> **Extracted material**

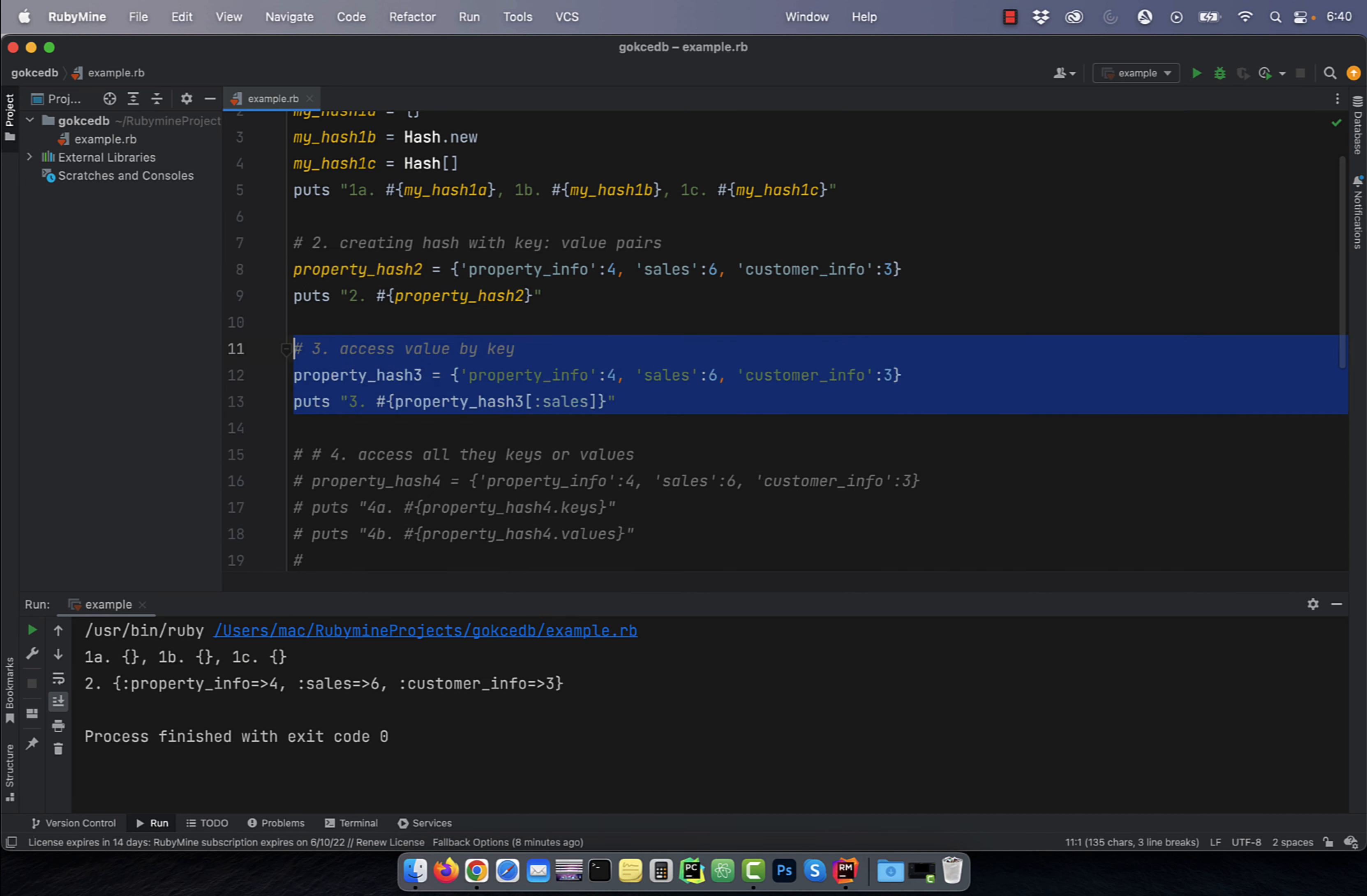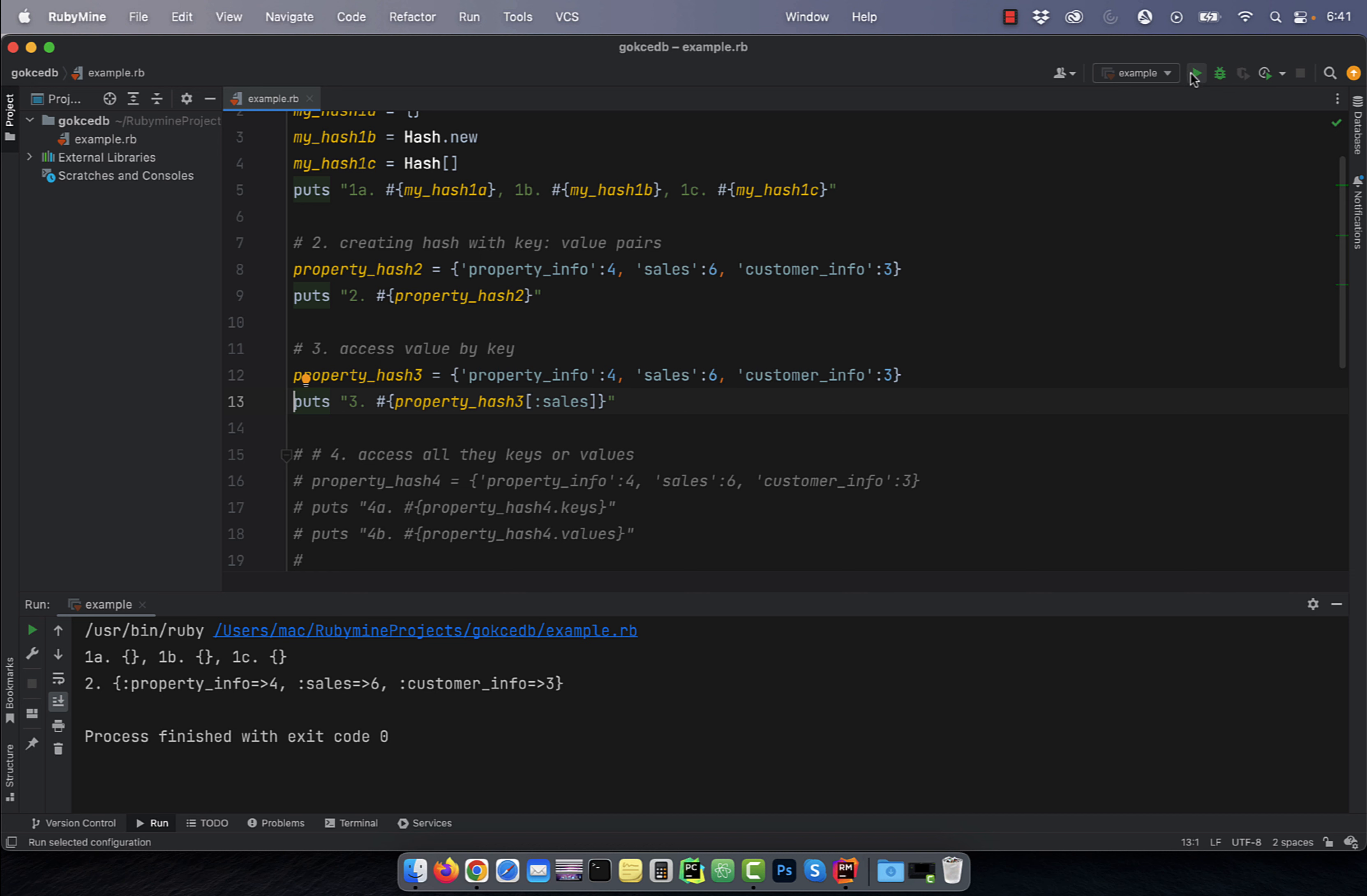Number three, to access a value in a hash by a specific key, use the colon followed by key in square brackets.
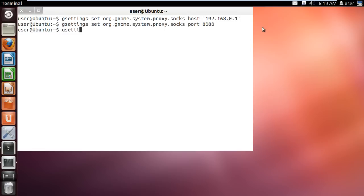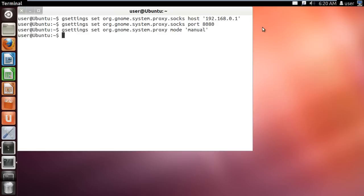Last of all, type gsettings set org.gnome.system.proxy mode apostrophe manual apostrophe and hit enter.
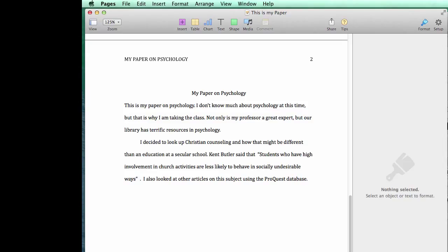Now we can go to MyFire and upload the Word document rather than the Pages document, and that way your formatting should stay consistent and solve some other problems for your professor.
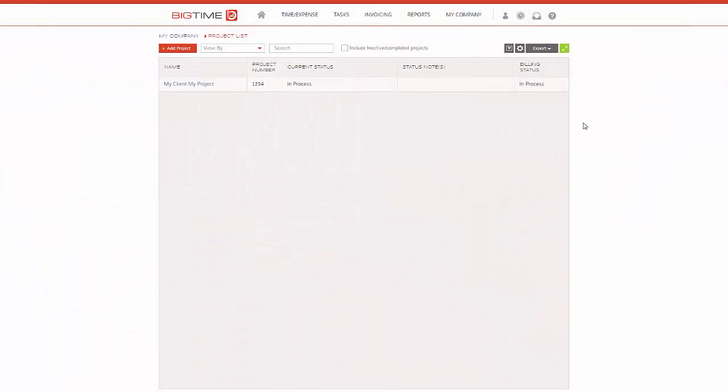Alright guys, the fixed fee invoicing calculator type has some new features that we're going to walk through right now. It's really popular with architecture and engineering firms. This new feature is percent complete billing, so we're really excited about this.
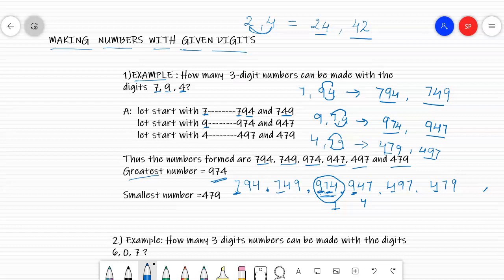Now we will find the smallest number. Same procedure — check the hundreds place: 7, 7, 9, 9, 4, 4. The smallest digit is 4, but we have two 4s, so we check the tens place. We have 9 and 7. Since 7 is smaller than 9, the smallest number is 479.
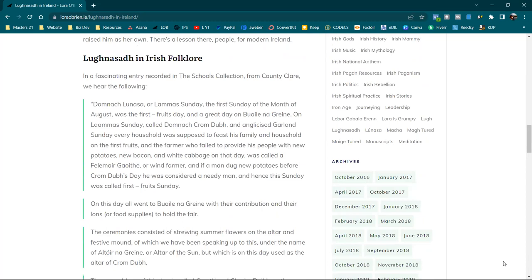Lughnasa in Irish Folklore. In a fascinating entry recorded in the Schools Collection from County Clare, we hear the following: Domhnach Lughnasa, or Lamas Sunday, the first Sunday of the month of August, was the first fruits day and a great day on Buaile na Greina. On Lamas Sunday, called Domhnach Crom Dubh, anglicised Garland Sunday, every household was supposed to feast his family and household on the first fruits. And the farmer who failed to provide his people with new potatoes, new bacon and white cabbage on that day was called a fellow margarita, or wind farmer. And if a man dug new potatoes before Crom Dubh's day, he was considered a needy man. And hence, this Sunday was called First Fruits Sunday.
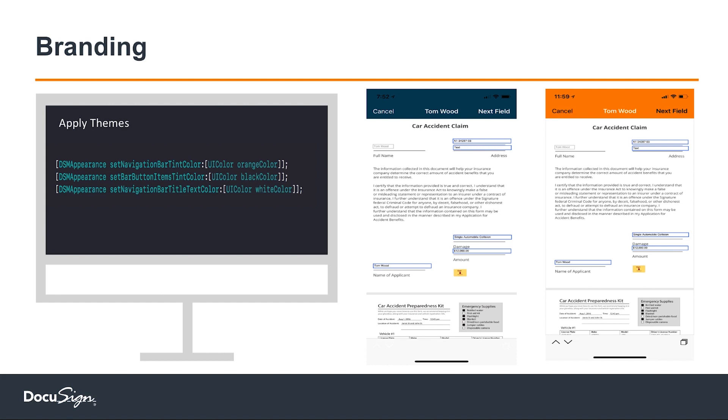I wanted to show another flavor — it is quite possible that you want branding. Right now in my insurance app, most of the flows appear in a blue theme.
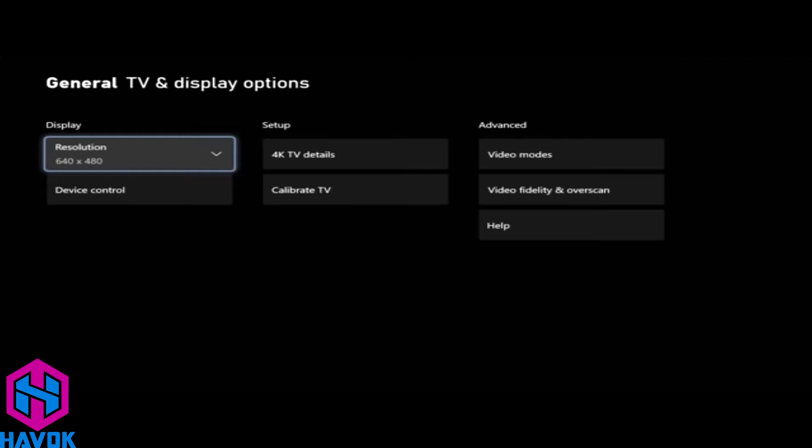The reason is your Xbox is not able to get the correct information from your TV on what resolution to use. Sometimes you can restart both the TV and the Xbox, that'll fix it. Sometimes you can factory reset the TV. This is a super easy way to do this.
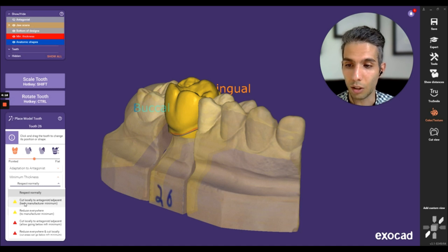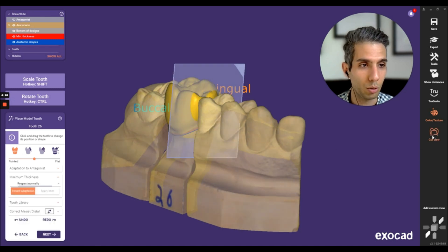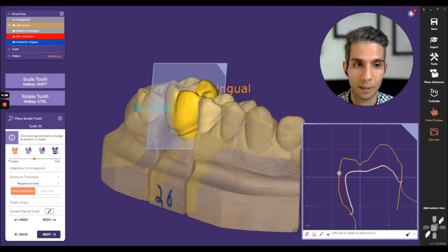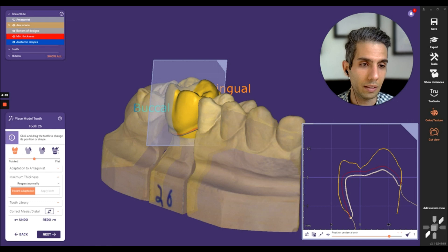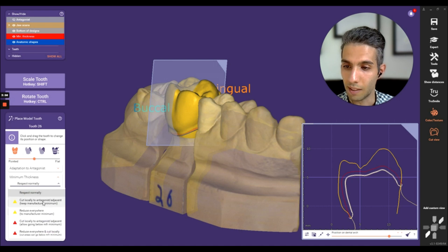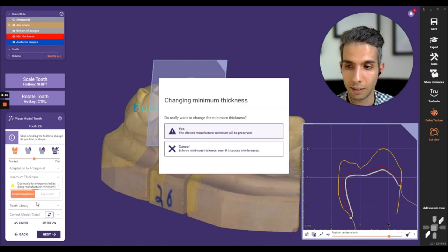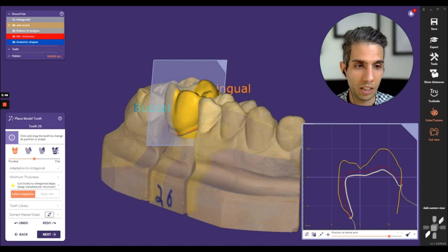The first one with the yellow triangle is 'Cut Locally to Antagonism/Adjacent.' I'm going to enable the cut view here to know exactly what we are doing. As you can see on the right side in the cut view, the red line here is the minimum thickness of the crown.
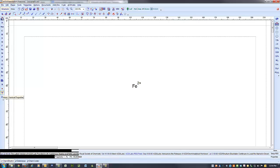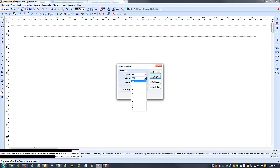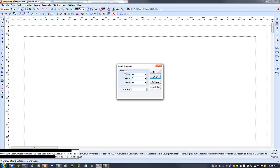a window comes up giving us options, iron and then it gives us options, the valence, the charge here is how we would change the charge. So let's make it a zero iron. You can add an isotope if you're doing like nuclear equations or something.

> **What you need to do**
The range to transcribe runs from the line holding "The reason is" through the final line of the data above; copy it exactly and exclude the pictures.

> **Result**
The reason is your Xbox is not able to get the correct information from your TV on what resolution to use. Sometimes you can restart both the TV and the Xbox, that'll fix it. Sometimes you can factory reset the TV. This is a super easy way to do this.
The first one with the yellow triangle is 'Cut Locally to Antagonism/Adjacent.' I'm going to enable the cut view here to know exactly what we are doing. As you can see on the right side in the cut view, the red line here is the minimum thickness of the crown.
a window comes up giving us options, iron and then it gives us options, the valence, the charge here is how we would change the charge. So let's make it a zero iron. You can add an isotope if you're doing like nuclear equations or something.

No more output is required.